Il aurait touché jusqu’à 12 000 euros d’allocations par mois : une fraude de 239 000 euros découverte par hasard
Un simple courrier distribué à la mauvaise adresse aurait permis de mettre au jour une fraude particulièrement élaborée. Installé à La Baule, en Loire-Atlantique, un ressortissant allemand est soupçonné d’avoir utilisé plusieurs identités et de faux documents pour percevoir d’importantes sommes de la CAF et de France Travail.
En seulement deux ans, le préjudice total approcherait les 239 000 euros. Certains mois, l’homme aurait même reçu jusqu’à 12 000 euros d’allocations chômage.
Un courrier envoyé au mauvais destinataire déclenche l’enquête
L’affaire aurait commencé en 2024 par une erreur apparemment anodine. Un particulier reçoit dans sa boîte aux lettres un document de l’Assurance maladie qui ne lui est pas destiné. Il décide alors de le retourner à l’expéditeur.
Ce geste ordinaire va pourtant éveiller les soupçons des organismes sociaux. En examinant le dossier concerné, les agents auraient constaté plusieurs incohérences. Une même photographie semblait notamment être utilisée pour différentes identités.
Des vérifications plus approfondies sont alors lancées. Les enquêteurs finissent par remonter jusqu’à un homme d’une cinquantaine d’années résidant à La Baule.
Plusieurs identités et de faux documents utilisés
Selon les éléments rapportés par Ouest-France, le suspect aurait acquis une véritable maîtrise dans la fabrication de faux papiers. Son système reposait notamment sur la création de différentes identités accompagnées de justificatifs falsifiés.
L’homme aurait également exploité les règles permettant de calculer les allocations chômage françaises après une période de travail effectuée en Suisse.
Sous certaines conditions, une personne ayant travaillé en Suisse peut en effet faire prendre en compte ses revenus antérieurs lorsqu’elle revient exercer une activité en France. Une reprise d’emploi, même de courte durée, peut permettre l’ouverture de droits auprès de France Travail.
Le quinquagénaire aurait donc présenté de fausses attestations d’employeurs suisses pour faire croire qu’il avait occupé des emplois particulièrement bien rémunérés de l’autre côté de la frontière.
En réalité, ces contrats de travail n’auraient jamais existé.

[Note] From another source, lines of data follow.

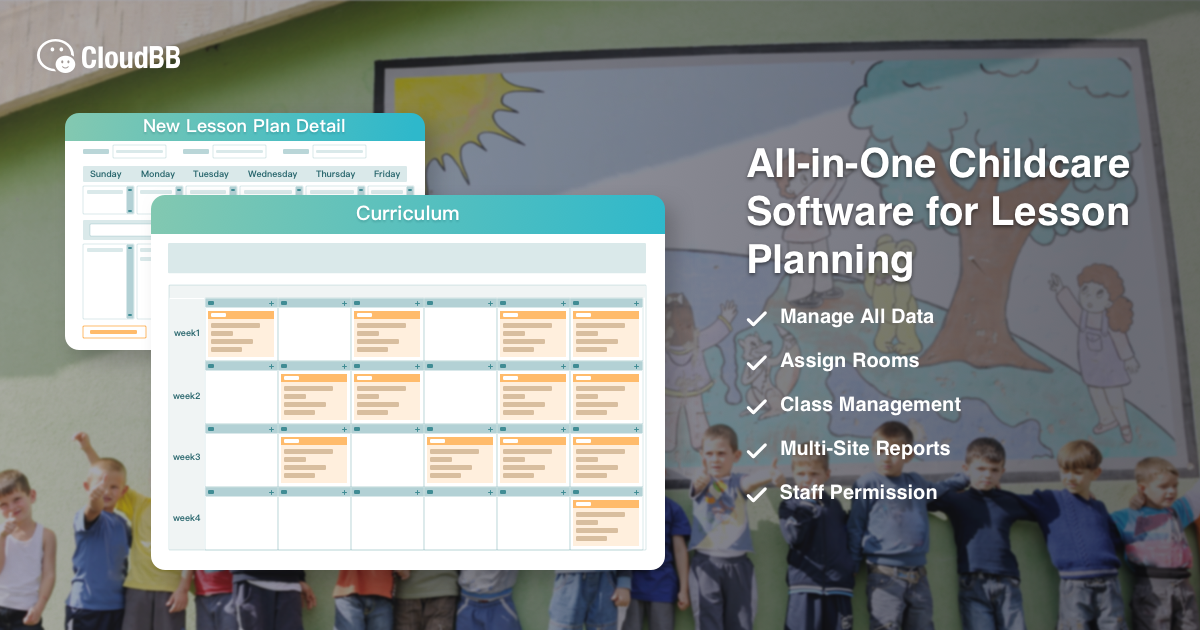 All-in-One Childcare Software for Lesson Planning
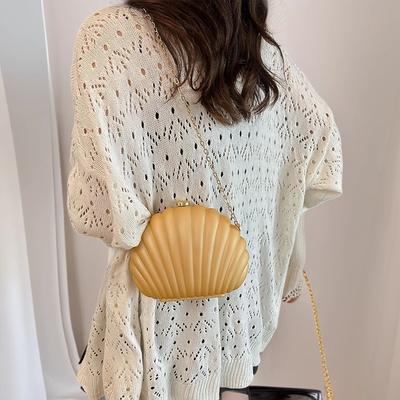 Fashion Personality Creative Acrylic Scallop Women's Dinner Bag New Exquisite and Cute One Shoulder Crossbody Bag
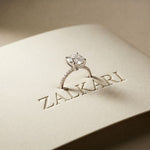 3 CT Cushion Cut Lab Grown Diamond Cambria Ring White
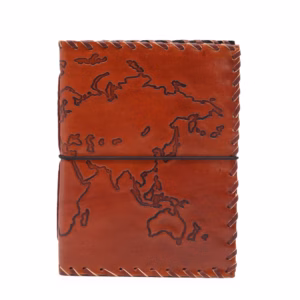 Reisedagbok med Omslag - Light Tan - 96 Sider - 17x13cm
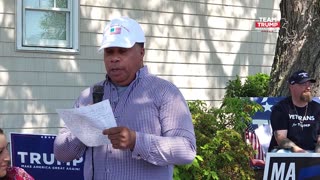 HAITIANS FOR TRUMP CHAIR SPEECH AT NORTHBOROUGH HQ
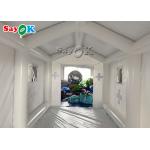 Air Inflatable Tent 6x3x3mH White Pvc Inflatable Hospital Tent For Isolation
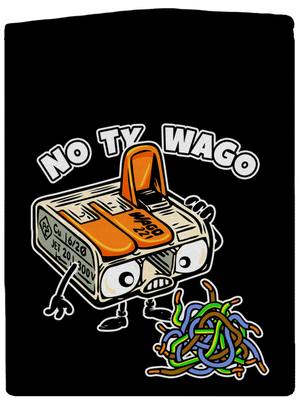 Wago svorka pánská mikina na zip Black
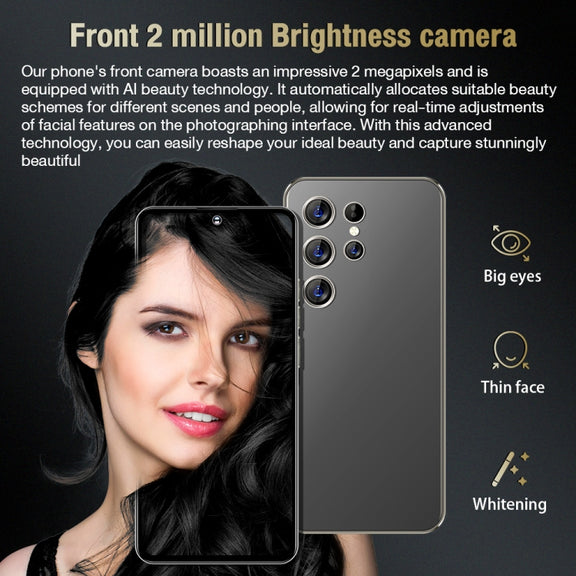 S24 Ultra / C24, 2GB+16GB, 6.8 inch Screen, Android 8.1 7731E Quad Core, Network: 3G, OTG, Dual SIM(Black)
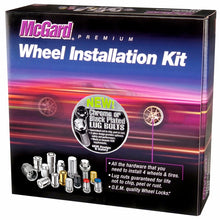 Load image into Gallery viewer, McGard 67200BK FITS: 5 Lug Hex Install Kit w/Locks (Cone Seat Bolt) M14X1.5 / 17mm Hex / 28.0mm Shank L. Black Wheel Bolts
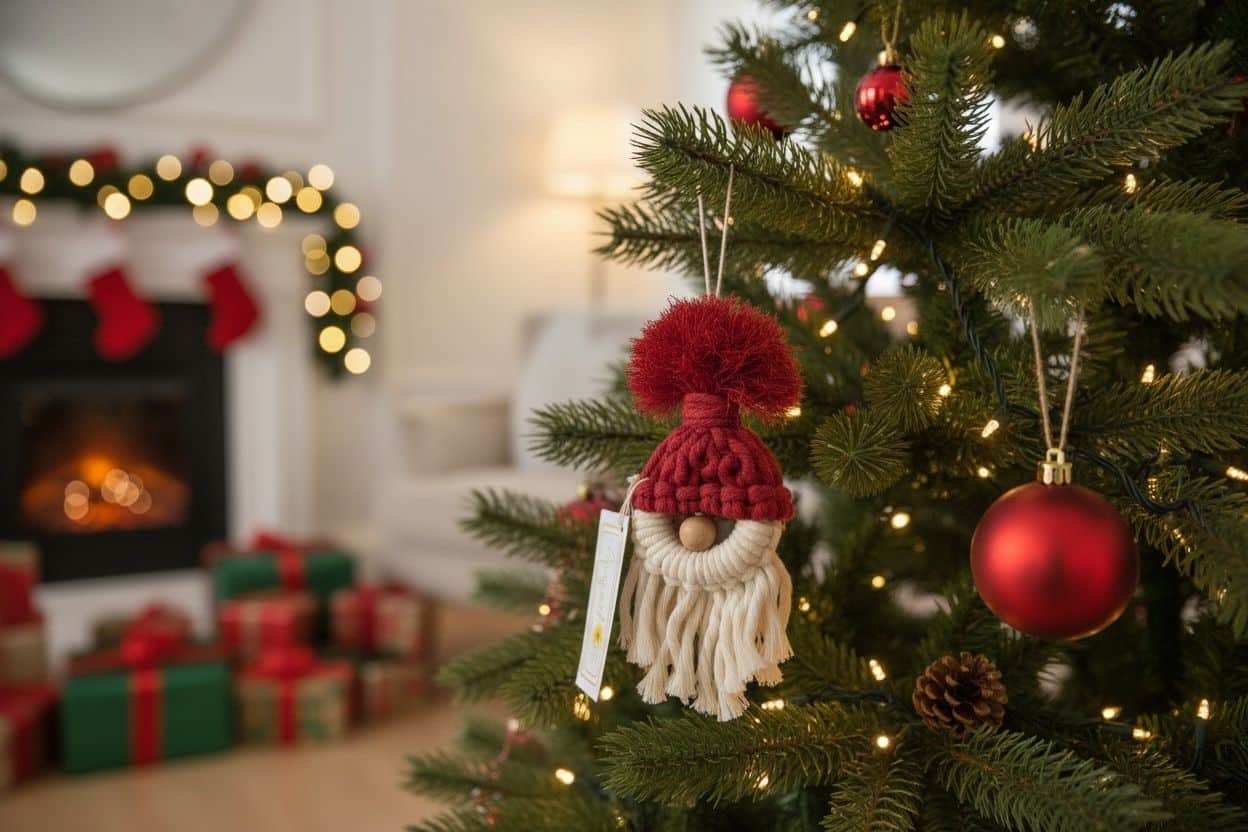 Santa Claus Rojo Adorno Árbol Navideño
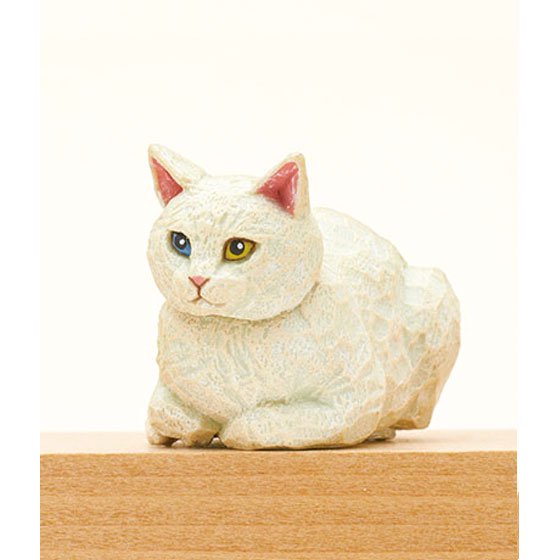 キタンクラブ　ART IN THE POCKET　はしもとみお　猫の彫刻　シロ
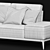 Elegant Park Sofa by Poliform 3D model small image 5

Jusqu’à 12 000 euros d’allocations chômage en un mois
Grâce à ces documents falsifiés et à ses différentes identités présumées, l’homme serait parvenu à percevoir des indemnités chômage exceptionnellement élevées.
Certains mois, les versements auraient atteint 12 000 euros. Père de plusieurs enfants, il aurait parallèlement bénéficié de prestations familiales versées par la CAF.

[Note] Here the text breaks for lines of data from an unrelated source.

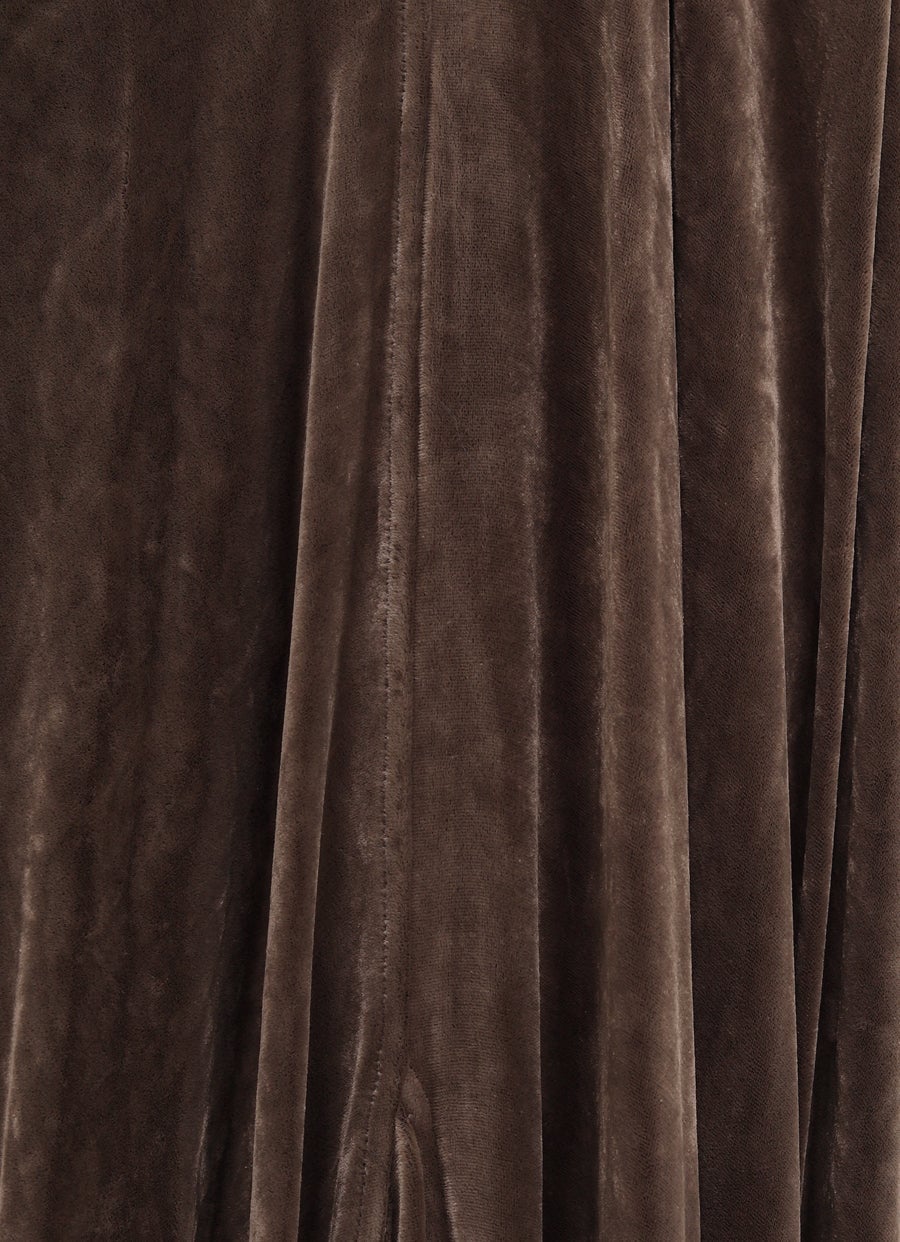 Vestido maxi de terciopelo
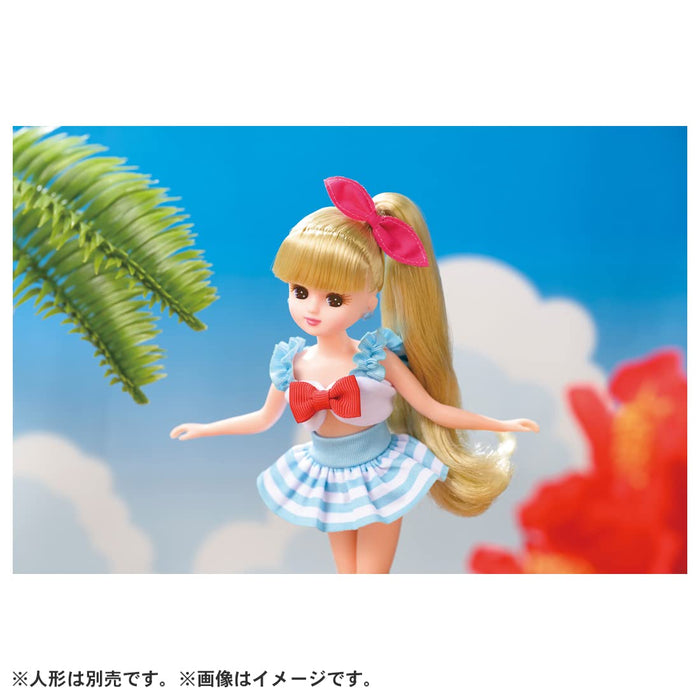Takara Tomy Licca-Chan Marine One Piece & Sailor Swimsuit Dress-Up Toy Set 3+- Japan Figure Store - #1 Bring To You The Best Japanese Goods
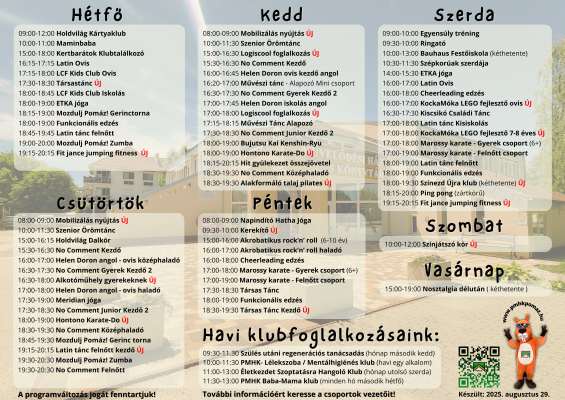 heti programok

Au total, près de 239 000 euros auraient été détournés en l’espace de deux ans. Une somme considérable, découverte à la suite d’une simple erreur de distribution de courrier.
L’argent aurait été dépensé dans les jeux
Interpellé par les enquêteurs, le suspect aurait reconnu les grandes lignes du système utilisé. Il aurait également expliqué que l’essentiel de l’argent avait été dépensé dans des jeux d’argent.
Cette déclaration risque de compliquer le remboursement des sommes réclamées par les organismes concernés. En cas de condamnation, l’homme pourrait devoir restituer les prestations indûment perçues, auxquelles pourraient s’ajouter des pénalités financières et une sanction pénale.
Un procès prévu en 2027
Le parquet de Saint-Nazaire souhaiterait désormais que l’affaire soit examinée dans le cadre d’une comparution sur reconnaissance préalable de culpabilité, une procédure souvent appelée « plaider-coupable ».
Le suspect devrait se présenter devant le tribunal en 2027. Dans l’attente de cette audience et d’une décision de justice définitive, il reste présumé innocent.
Cette affaire illustre également le renforcement des contrôles menés par les organismes sociaux. Les échanges d’informations entre la CAF, France Travail, l’administration fiscale et les autres services publics permettent désormais de repérer plus facilement les anomalies, les doublons et les fausses déclarations.
Les fraudes détectées par la CAF atteignent un niveau record
En 2024, plus de 450 millions d’euros de fraudes auraient été détectés par les caisses d’allocations familiales. Ce montant, en forte progression, ne signifie pas nécessairement que les fraudes sont devenues plus nombreuses.
Pour la direction de la Caisse nationale des allocations familiales, cette augmentation s’expliquerait surtout par l’amélioration des méthodes de contrôle et par un croisement plus efficace des données entre les différentes administrations.
Dans le cas de La Baule, les outils de vérification ont joué un rôle déterminant. Mais sans ce courrier adressé à la mauvaise personne, le stratagème aurait peut-être pu continuer encore quelque temps.